I think I mentioned earlier that I have a 10A mppt that has been sitting idle. It’s wired into the DIY converter project, but I haven’t been connected to shore power in 858 days at this point so the 10A has been gathering dust.
theory / limitations
Yes, 10A is undersized for 200w of panel:
12.1v * 10A = 121w at 50% DoD
14.7v * 10A = 147w at Vabs
max realistic power of 200w of panel on mppt at solar noon: 186w. (200w * 83%)
So we could be leaving 39-65w of panel output on the table. Probably closer to the low end since >121w is probably not available in the early morning when DoD is lowest. I’ll try to watch the meter and see what they really pull in the morning.
My thinking is:
I could buy a 20A MPPT for $80, but I already own the 10A.
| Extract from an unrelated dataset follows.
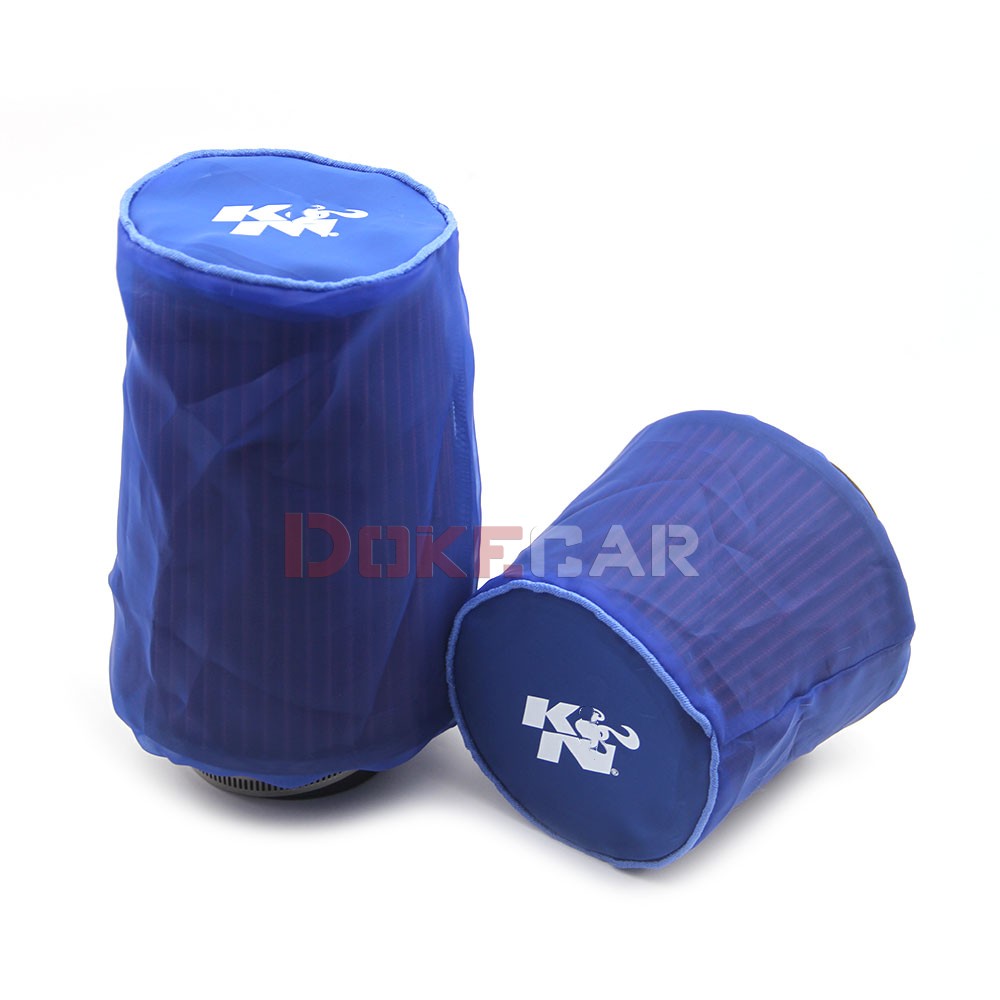 Coperchio protettivo del filtro dell'aria impermeabile antiolio antipolvere per filtri di aspirazione dell'aria ad alto flusso coperchio del filtro dell'aria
serial wiring reduces voltage drop on the long (20’ + 7.5’) wiring run
serial wiring will allow the controller to collect power in marginal insolation (dawn/dusk, dark overcast). The amount of power available at those times is admiittedly minimal but I’ll take it when I can get it.
the panels are poly; Vmp is 18.0v, which is decent, but running serial gives MPPT plenty of room to play.
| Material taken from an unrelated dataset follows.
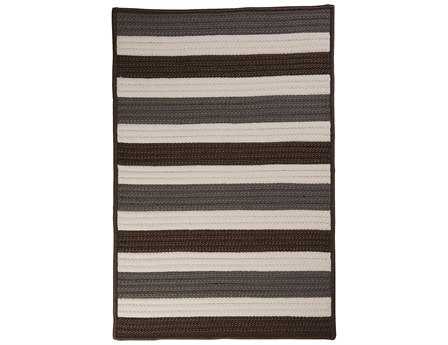 Colonial Mills Portico Braided Striped Area Rug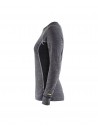 Haut De Sous-Vêtements Warm Femme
the 10A mppt allows me control over setpoints while the 20A PWM only had presets. So after 2 hrs of Absorption the PWM effectively stopped contributing under normal circumstances. (it would have started pulling again if a massive load pulled system voltage down to traditional Vfloat)
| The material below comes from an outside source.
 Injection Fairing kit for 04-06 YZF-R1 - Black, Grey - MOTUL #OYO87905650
I unhooked the DIY converter and plugged in the panel wires. I’d been running the panels in parallel to the PWM and reconfigged them in serial to feed the 10A mppt. Stored the 2-into-1 adapters.
So far I’ve observed 146.9w out of it, which is right on the money during Absorption. Not even warm to the touch. I stressed the system by running the immersion heater for a few minutes at 1415 local; solar noon was 1234. I’m surprised the panels could pull even that 2 hours past solar noon in winter. Skies were very clear, which helped.